Congrats to our friend Ed and his buddy Chef for a 2nd in the open , Hard work and dedication pays off, Dave & Lauraine


----------



## Shawn S.

billbe said:


> Correction on Derby
> Handler for 1st #15 Alley was Rick Stawski


Way to go little Alley(gator) and Rick. 4 blue in a row!!!


----------



## Brenda

Amateur Results

1st-#38 Maggie H/Liz Jerome O/ Jessie Kent 
2nd-#51 Air O/H Dennis Pugh
3rd-#47 Stevie O/H Ken Neil (Yahoo!)
4th-#6 Joe O/H Rick Van Bergen
RJ-#24-Aero H/Paul Hanson O/Dave Furin
JAM-25

Congrats to All !!!!


----------



## Frank Jones

Congratulations, Kenny & Brenda on Stevie's AM 3rd!! What an accomplishment! 

rita


----------



## Brenda

Thanks Rita, we are thrilled with Stevie's 3rd in the Am.
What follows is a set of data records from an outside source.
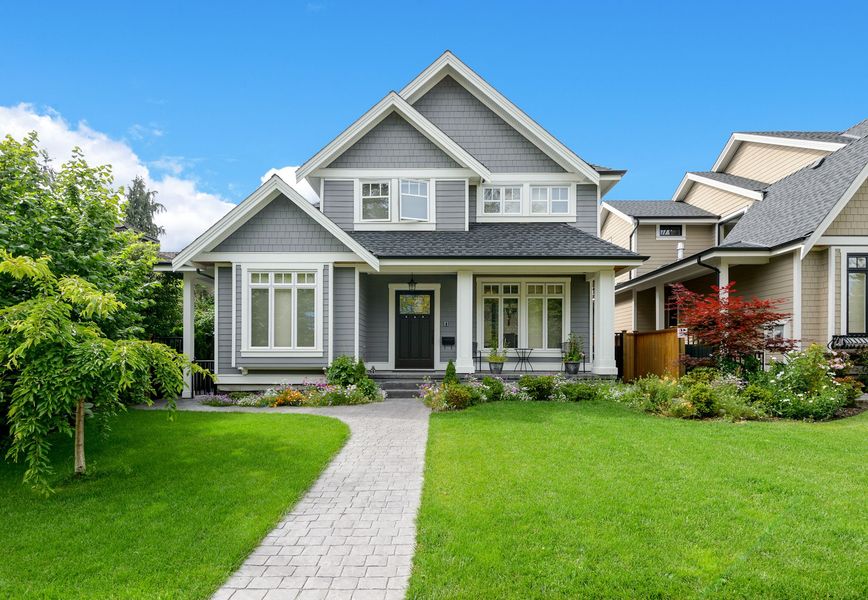 A large house with a lush green lawn and a walkway leading to it.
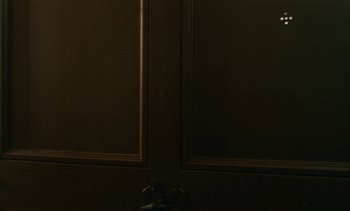 Movie still from “7 Rm., kit., ba...” (1984), directed by Agnès Varda – A dark room with a door and a window; Close Up shot, Low angle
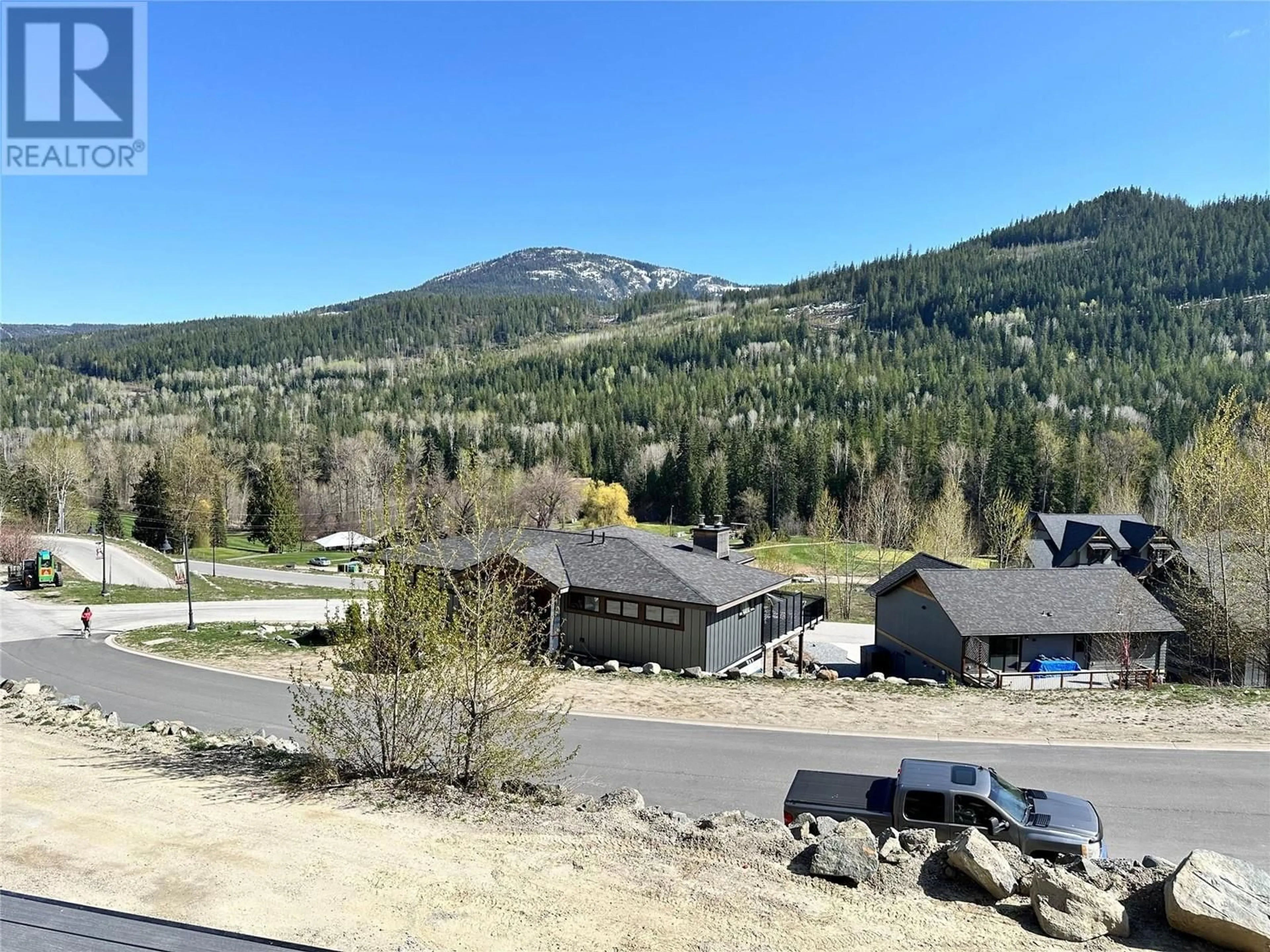A pic from outside/outdoor area/front of a property/back of a property/a pic from drone, mountain view for 932-3 REDSTONE DRIVE, Rossland British Columbia V0G1Y0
Also his sister Rosie took 3rd in the Open with Alan Pleasant running her at Ft. Pitt!! These guys are really going to be fun. Hope you guys are well.


----------



## Frank Jones

That's a great weekend, Brenda! I'm excited for you!

rita


----------



## BentleysMom

Congrats to Maggie winning the AM. Big congrats to handler Liz Jerome and owner Jesse Kent! Nice job Liz with only handling the dog for a week ahead of time! 

Big congrats to Chris Brandl running his dog Quinn in the Derby and receiving 4th place. Of course big congrats to Alley! True talent for Blue! congrats Ledford for receiving 2nd place. Hell, congrats to all the dogs, owners and handlers! It's not easy!


----------



## Becky Mills

Frank Jones said:


> That's a great weekend, Brenda! I'm excited for you!
> 
> rita


Times two!


----------



## drbobsd

Brenda said:


> Amateur Results
> 
> 1st-#38 Maggie H/Liz Jerome O/ Jessie Kent
> 2nd-#51 Air O/H Dennis Pugh
> 3rd-#47 Stevie O/H Ken Neil (Yahoo!)
> 4th-#6 Joe O/H Rick Van Bergen
> RJ-#24-Aero H/Paul Hanson O/Dave Furin
> JAM-25
> 
> Congrats to All !!!!


Dittos on above also special congrats to Dennis and Nancy Pugh on 2nd with Air

Dave and Lauraine Grevlos big congrats on Chilly 3rd in derby. Hope your out training soon Lauraine...


----------



## Buzz

drbobsd said:


> Dittos on above also special congrats to Dennis and Nancy Pugh on 2nd with Air
> 
> Dave and Lauraine Grevlos big congrats on Chilly 3rd in derby. Hope your out training soon Lauraine...




Don't forget about Ken JAM'ing the derby with Walker. Four SVRC members either jamming or placing last weekend!


----------



## drbobsd

Buzz said:


> Don't forget about Ken JAM'ing the derby with Walker. Four SVRC members either jamming or placing last weekend!


That's OK about Ken. If he doesn't get blue he's not happy! Good job Ken Schaaf and Walker. Walker's name sake just had his portrait unveiled at the white white house.


----------



## Buzz

Ed Krueger couldn't get into his account this morning so I'm posting up for him. He wanted to congratulate Dennis for his 2nd in the Am, Dave Grevelos for his 3rd in the derby, Ken Shaaf for his JAM with Walker in the Derby, and Bob Zylla for his win in the Open.


----------



## Lab4me

Congrats to Dennis, Nancy, and Heir for the 2nd Place in the Amateur. 
Woo Hoo,
Dave and Lauraine


----------